On June 30, 2020, the United States Court of Appeals for the District of Columbia Circuit (“D.C. Circuit” or “Court”) issued an en banc rehearing order holding that the Natural Gas Act (“NGA”) does not permit the Federal Energy Regulatory Commission (“FERC”) to issue tolling orders for the sole purpose of preventing rehearing requests from being denied by operation of law.  See Allegheny Defense Project, et al. v. FERC, No. 17-1098 (“Allegheny”).  The decision upends a practice that has been used by FERC for decades to delay addressing the merits of requests for rehearing.  Because the NGA and the Federal Power Act (“FPA”) have essentially identical rehearing provisions, Allegheny’s holding is very likely to be extended to rehearing requests under the FPA.

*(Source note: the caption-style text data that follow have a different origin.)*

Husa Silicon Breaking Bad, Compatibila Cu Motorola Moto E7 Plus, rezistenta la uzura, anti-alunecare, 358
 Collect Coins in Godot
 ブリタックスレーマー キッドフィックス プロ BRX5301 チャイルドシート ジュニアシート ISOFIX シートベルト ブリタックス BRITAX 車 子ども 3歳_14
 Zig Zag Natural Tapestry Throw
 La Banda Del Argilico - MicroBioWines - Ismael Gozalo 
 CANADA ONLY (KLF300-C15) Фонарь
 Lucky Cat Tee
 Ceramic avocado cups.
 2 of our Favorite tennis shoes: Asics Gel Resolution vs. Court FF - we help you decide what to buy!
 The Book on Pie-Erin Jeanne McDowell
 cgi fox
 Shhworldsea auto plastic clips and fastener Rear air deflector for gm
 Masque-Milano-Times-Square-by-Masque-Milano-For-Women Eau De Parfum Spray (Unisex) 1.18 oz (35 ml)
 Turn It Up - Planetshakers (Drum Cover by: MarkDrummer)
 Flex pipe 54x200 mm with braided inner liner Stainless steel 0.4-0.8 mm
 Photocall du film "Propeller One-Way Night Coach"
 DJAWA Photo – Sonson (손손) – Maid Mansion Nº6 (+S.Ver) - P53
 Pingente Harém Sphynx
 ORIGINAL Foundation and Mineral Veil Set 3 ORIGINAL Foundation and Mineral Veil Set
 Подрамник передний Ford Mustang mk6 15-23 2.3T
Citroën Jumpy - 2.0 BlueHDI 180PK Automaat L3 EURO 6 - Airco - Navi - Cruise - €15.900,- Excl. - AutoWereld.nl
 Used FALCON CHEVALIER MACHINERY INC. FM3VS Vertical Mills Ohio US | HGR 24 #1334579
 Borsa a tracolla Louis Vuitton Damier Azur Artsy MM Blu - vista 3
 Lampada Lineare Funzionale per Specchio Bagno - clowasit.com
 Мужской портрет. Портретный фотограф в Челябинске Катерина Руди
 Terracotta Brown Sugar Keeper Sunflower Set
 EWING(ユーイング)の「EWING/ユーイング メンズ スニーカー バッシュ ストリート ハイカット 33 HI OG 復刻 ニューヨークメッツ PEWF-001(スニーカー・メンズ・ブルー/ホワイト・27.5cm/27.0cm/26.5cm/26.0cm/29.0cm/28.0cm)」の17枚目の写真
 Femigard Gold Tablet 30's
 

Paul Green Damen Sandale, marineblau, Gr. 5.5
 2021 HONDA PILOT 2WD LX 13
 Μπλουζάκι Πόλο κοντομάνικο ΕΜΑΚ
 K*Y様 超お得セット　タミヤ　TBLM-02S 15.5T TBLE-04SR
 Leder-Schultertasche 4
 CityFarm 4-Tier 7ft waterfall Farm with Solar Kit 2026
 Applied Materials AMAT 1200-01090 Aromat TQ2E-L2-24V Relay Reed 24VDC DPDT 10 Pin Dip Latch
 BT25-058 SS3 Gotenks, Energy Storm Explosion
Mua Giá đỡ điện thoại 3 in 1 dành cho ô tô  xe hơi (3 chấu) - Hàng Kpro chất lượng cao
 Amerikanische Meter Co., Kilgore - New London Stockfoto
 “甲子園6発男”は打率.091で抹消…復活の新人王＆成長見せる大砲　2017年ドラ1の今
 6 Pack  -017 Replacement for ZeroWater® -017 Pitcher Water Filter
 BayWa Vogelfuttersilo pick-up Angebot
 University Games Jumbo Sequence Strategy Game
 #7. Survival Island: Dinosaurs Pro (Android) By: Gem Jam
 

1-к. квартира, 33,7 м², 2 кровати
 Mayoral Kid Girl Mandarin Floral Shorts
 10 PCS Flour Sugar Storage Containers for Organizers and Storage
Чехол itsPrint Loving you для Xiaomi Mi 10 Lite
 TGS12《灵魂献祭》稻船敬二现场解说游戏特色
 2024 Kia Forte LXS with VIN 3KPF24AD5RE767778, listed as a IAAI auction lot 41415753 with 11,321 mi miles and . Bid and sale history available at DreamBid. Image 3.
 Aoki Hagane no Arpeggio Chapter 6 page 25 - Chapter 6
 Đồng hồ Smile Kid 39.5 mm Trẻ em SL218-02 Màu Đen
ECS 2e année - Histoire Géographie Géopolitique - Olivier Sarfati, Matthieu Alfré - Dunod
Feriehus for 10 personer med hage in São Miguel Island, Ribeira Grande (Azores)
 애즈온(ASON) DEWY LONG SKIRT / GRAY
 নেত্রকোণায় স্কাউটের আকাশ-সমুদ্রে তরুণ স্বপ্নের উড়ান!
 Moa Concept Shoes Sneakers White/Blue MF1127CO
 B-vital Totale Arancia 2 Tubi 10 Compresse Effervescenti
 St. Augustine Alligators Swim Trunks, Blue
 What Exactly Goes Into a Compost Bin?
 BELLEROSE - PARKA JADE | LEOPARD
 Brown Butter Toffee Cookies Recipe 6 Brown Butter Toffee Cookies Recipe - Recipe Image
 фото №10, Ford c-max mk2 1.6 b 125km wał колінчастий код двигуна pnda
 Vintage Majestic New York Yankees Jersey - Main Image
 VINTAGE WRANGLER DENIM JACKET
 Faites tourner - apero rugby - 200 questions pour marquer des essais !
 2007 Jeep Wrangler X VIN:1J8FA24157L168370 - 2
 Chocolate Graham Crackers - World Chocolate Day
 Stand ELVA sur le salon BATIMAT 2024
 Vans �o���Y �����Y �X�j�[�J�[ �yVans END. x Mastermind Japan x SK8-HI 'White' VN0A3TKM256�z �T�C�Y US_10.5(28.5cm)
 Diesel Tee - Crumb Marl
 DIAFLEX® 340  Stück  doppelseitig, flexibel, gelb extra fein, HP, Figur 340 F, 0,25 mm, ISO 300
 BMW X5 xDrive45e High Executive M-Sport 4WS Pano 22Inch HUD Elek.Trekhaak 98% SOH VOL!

Statutory Language and FERC’s Existing Practices

NGA Section 19, 15 U.S.C. § 717r, governs rehearing and review of FERC orders.  NGA Section 19(b) makes judicial review contingent upon an aggrieved party first raising that issue with FERC on rehearing.  Section 19(b) provides that “[n]o objection. . .” to a FERC order “shall be considered by the court unless such objection shall have been urged before the Commission in the application for rehearing unless there is reasonable ground for failure so to do.”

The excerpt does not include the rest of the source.